[spectre] Arundhati Roy: The Algebra Of Infinite Justice:briefing the Briefing?
Lorenzo Taiuti
md3169@mclink.it
Mon, 15 Oct 2001 10:32:44 +0200
Dear Benson
the "wonderful piece of thought" still stands so even after your critics.
Because Arundhat Roy she is just re-writing ( and very well) a compendium
of many years of progressive thought, at least fitfy years, face to the
world equlibrium and new wars outbursts.
But my message was not only that.
And it seems to me that you focused only on a part of it.
By recognizing the basic and classic quality of her writing ( and connecting
it with an important part of Sontag's interview) i was putting in a few
doubts.
1) The necessity of a further proceeding from those basic positions.
2) The necessity of recognizing the different quality of the new terrorists
face to the classic figures of revolutionary leaders (Guevara, Mandela,
Arafat...) and their not beeing expression of a people, but at most an
immaginary projection of a huge malaise.
And i quote from my previous message:"But the problem with what is going on
now is that we do not face a terrorism
that is only provoqued by the old mistakes and horrors of american foreign
policy.
The terrorists we are facing are not Guevara, Mandela, Arafat, etc...the
popular heroes representing the needs of their own people.

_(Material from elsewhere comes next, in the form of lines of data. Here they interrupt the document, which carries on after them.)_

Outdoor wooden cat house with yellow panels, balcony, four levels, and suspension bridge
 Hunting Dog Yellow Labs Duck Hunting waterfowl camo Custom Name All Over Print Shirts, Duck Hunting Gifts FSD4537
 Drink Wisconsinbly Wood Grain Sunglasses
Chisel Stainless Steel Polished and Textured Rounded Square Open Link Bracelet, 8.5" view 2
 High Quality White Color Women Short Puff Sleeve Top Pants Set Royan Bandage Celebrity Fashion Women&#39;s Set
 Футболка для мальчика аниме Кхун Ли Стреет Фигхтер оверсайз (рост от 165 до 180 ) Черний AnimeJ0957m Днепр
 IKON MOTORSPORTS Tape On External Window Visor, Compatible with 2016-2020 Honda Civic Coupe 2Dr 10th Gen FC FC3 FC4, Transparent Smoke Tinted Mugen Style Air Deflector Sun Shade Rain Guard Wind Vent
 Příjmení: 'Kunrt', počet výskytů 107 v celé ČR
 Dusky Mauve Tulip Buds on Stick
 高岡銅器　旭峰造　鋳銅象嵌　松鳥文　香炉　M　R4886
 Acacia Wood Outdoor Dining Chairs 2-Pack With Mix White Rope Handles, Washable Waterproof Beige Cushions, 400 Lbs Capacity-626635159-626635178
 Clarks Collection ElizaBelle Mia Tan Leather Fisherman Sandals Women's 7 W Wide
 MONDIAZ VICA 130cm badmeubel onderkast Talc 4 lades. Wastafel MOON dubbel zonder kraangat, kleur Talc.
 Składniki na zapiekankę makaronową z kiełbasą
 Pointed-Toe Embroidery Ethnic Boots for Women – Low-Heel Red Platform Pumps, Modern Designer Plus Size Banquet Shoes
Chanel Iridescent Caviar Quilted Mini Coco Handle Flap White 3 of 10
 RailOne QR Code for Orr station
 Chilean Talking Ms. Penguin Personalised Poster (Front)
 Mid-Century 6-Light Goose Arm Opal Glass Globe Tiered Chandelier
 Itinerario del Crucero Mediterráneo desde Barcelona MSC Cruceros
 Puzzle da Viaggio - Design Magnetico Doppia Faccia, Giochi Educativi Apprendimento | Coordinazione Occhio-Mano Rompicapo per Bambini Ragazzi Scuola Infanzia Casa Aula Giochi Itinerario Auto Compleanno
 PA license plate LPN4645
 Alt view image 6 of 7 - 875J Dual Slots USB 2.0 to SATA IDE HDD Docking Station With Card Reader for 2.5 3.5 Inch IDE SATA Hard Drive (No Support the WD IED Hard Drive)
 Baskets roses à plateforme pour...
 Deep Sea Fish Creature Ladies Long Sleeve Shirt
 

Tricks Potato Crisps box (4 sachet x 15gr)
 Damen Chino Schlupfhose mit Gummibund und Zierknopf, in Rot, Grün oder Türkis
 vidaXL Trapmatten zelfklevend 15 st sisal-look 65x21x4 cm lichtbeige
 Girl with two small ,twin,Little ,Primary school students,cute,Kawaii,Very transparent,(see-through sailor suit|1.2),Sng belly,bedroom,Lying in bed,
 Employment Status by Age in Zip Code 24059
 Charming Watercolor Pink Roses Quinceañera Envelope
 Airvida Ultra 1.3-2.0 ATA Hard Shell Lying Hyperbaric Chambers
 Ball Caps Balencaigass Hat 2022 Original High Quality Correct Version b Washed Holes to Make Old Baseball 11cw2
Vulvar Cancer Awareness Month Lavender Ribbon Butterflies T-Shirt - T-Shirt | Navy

They represent particular power groups of people convinced of the
superiority of their own culture and obsessed by the inferiority of their
power to buy.
Their culture (Taleban) for instance is based on repression of all cultural
and psychological needs we consider basical for individual life and living.
The terrorists are not symbolic representations of all wrongs happened
between west and the World.
They are doing their own thing.
So Arhundati Roy says again what all the socio/cultural movements have been
sayng in the last fifty years.
Different global politics.
Different relatonships between rich west and poor societies.
Did we ever stop to say that?
Has jurgen Habermas recently said "...war cannot be the exclusive answer,
even if it presents itself as a necessity..."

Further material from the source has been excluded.